AK: Earlier this year, Ms. Walker was invited to deliver a commencement address to the graduating class of Hudson Valley Community College in New York, but just days before the event the college suddenly withdrew the invitation. I asked her what happened.
AW: Well, I was invited to this college in upstate New York, and I was ready to go. And I made a tape, like we’re doing. And then they decided that they didn't want me speaking to their graduating class. I mean, just a really frivolous charge: some book that I had on my nightstand was written by someone who was an anti-Semite, says, I guess, some anonymous person. And they canceled my talk to the students, which is terrible for the students. I mean, it hardly impacted me. I was, you know, sorry they missed my talk. But think of what that does to the students not to be able to hear from someone that they had wanted to hear from.
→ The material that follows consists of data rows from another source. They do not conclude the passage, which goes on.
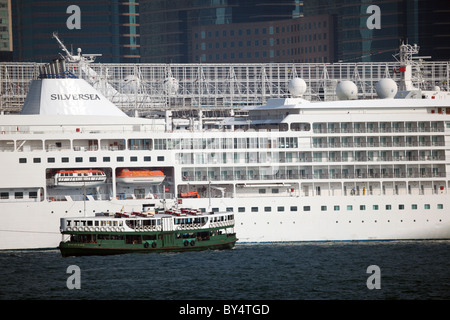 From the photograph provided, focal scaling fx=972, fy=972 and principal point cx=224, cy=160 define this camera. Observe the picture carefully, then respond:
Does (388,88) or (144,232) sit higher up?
(388,88)

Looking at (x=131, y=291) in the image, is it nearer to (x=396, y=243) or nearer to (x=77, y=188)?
(x=77, y=188)

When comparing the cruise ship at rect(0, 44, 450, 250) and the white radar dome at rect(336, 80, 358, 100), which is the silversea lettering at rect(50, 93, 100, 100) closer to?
the cruise ship at rect(0, 44, 450, 250)

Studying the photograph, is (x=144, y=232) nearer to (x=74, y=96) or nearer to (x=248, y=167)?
(x=248, y=167)

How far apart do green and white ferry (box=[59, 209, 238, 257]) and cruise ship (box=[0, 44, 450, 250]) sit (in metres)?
2.25

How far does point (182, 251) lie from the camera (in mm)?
66562

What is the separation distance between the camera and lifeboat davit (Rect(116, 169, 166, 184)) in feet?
224

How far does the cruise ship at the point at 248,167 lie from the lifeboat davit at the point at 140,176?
7 cm

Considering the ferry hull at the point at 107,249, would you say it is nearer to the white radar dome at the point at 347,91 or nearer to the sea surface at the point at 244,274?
the sea surface at the point at 244,274

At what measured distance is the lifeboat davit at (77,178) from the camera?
6725 centimetres

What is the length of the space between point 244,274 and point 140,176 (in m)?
13.7

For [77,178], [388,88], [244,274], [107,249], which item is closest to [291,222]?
[244,274]

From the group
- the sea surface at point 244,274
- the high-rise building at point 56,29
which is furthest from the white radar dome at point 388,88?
the high-rise building at point 56,29

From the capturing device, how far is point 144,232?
65.5 metres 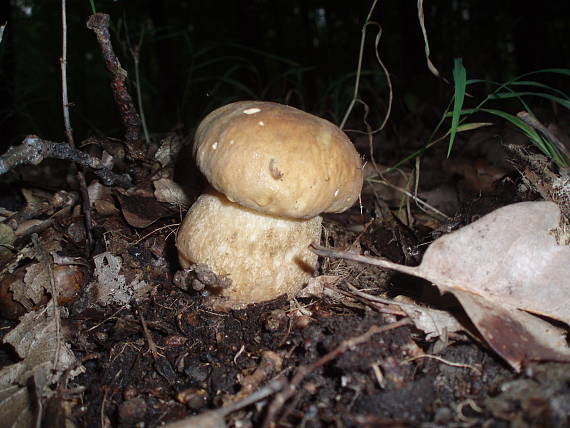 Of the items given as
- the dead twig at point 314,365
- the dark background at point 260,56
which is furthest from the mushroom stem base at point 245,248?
the dark background at point 260,56

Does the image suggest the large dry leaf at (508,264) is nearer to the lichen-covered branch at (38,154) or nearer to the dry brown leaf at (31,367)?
the dry brown leaf at (31,367)

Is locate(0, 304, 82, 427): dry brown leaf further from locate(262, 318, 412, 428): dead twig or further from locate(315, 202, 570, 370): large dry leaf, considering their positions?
locate(315, 202, 570, 370): large dry leaf

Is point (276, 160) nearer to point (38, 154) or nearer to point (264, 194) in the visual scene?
point (264, 194)

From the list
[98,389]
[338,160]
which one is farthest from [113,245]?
[338,160]

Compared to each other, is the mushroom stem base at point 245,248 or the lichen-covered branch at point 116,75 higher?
the lichen-covered branch at point 116,75

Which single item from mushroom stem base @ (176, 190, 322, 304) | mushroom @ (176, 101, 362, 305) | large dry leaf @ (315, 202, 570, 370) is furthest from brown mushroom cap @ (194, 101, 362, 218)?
large dry leaf @ (315, 202, 570, 370)

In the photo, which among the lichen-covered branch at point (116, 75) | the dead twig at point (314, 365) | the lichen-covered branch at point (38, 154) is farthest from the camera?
the lichen-covered branch at point (116, 75)

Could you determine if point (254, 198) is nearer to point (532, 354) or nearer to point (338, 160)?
point (338, 160) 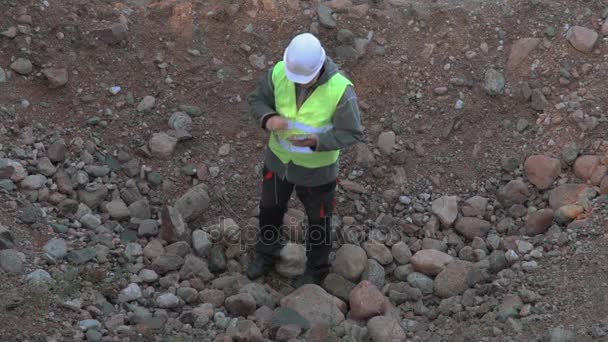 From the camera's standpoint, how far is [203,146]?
20.9 ft

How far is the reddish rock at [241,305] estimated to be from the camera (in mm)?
5156

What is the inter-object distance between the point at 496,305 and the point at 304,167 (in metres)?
1.42

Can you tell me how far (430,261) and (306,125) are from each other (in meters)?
1.43

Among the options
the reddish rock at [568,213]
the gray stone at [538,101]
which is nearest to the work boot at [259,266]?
the reddish rock at [568,213]

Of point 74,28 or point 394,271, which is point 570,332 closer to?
point 394,271

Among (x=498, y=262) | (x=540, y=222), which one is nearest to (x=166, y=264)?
(x=498, y=262)

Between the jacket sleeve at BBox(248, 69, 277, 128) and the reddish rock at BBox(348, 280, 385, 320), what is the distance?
3.97 ft

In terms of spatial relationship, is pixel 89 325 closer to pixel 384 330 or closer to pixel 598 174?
pixel 384 330

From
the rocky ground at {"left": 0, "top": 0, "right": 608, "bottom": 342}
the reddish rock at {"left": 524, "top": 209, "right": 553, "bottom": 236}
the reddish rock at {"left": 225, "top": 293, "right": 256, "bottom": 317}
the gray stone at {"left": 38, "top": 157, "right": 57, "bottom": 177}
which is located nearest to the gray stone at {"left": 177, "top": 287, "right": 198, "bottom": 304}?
the rocky ground at {"left": 0, "top": 0, "right": 608, "bottom": 342}

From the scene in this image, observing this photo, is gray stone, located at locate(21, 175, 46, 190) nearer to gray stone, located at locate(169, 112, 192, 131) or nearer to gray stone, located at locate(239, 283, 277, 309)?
gray stone, located at locate(169, 112, 192, 131)

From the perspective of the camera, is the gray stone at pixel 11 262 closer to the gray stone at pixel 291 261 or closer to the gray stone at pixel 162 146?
the gray stone at pixel 162 146

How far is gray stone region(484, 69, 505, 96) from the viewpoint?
6.66m

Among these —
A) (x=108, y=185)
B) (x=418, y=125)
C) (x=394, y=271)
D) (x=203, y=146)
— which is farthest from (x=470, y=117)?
(x=108, y=185)

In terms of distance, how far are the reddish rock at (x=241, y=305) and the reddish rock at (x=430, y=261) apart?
1192 mm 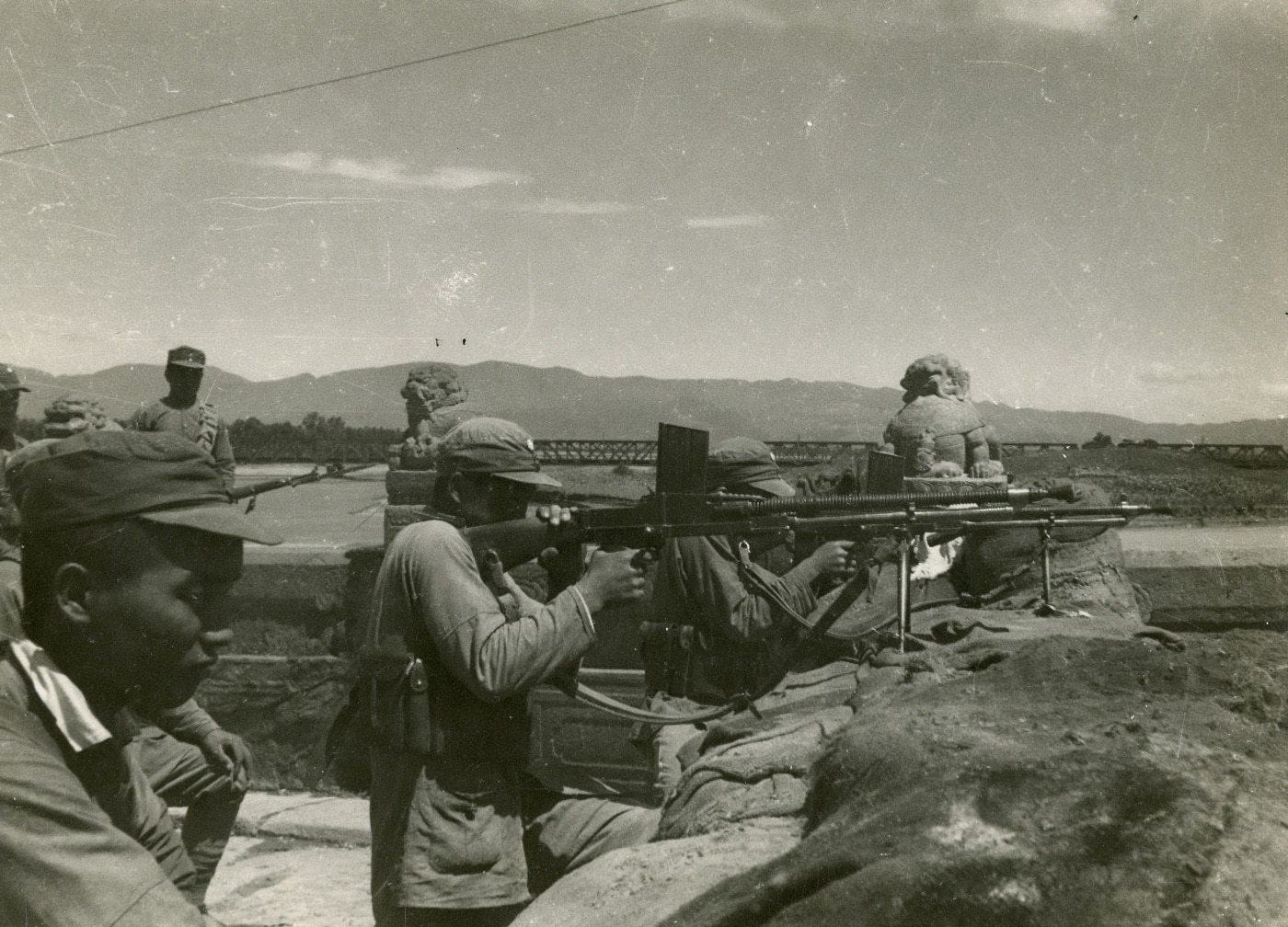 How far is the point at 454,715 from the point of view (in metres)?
3.30

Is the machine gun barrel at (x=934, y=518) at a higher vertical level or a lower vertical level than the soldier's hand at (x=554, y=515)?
lower

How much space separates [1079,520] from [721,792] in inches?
86.8

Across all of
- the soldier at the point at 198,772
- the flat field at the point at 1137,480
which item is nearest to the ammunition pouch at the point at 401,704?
the soldier at the point at 198,772

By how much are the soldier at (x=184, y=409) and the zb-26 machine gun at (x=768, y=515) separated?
393 cm

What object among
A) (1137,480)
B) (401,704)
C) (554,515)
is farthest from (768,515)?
(1137,480)

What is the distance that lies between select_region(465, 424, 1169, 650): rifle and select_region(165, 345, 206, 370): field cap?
4.16 meters

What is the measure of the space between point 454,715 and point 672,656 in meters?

I'm sure those students were the ones who decided they wanted to invite me to come and talk to them at their graduation.
AK: Did they expressly say that it was this anonymous person who objected to a book?
AW: Yeah, objected to a book that I had mentioned in The New York Times over a year ago. I mean, there was a flap then, too, because I was accused of being anti-Semitic myself, which is such an old trope. I mean, it's just ridiculous. I don't really spend a whole lot of time agonizing over any of this because people do have a right to their perceptions, but they twist things so that the world that we would like to have where people are feeling free and equal, that's not likely to happen with all of the canceling, all the cancelations. I just posted on my blog this morning, one of the most cancelled people on earth: Norman Finkelstein. And, you know, he's been called everything—as we say down South—but the child of God. And I think he's brilliant. What can we do about all of these things? We can continue to forward the thought and the action and the outrageousness and wonderfulness that we see. Like you're doing. I mean, this is what you do, this is how you move forward in the world what it is you would like to see. You know, more honesty, clarity, vision, not so much fragility and fear and backwardness, which is how I see a lot of this. It’s just backward. You can't really expect people or want people or hope for people not to know a reality that shaped them.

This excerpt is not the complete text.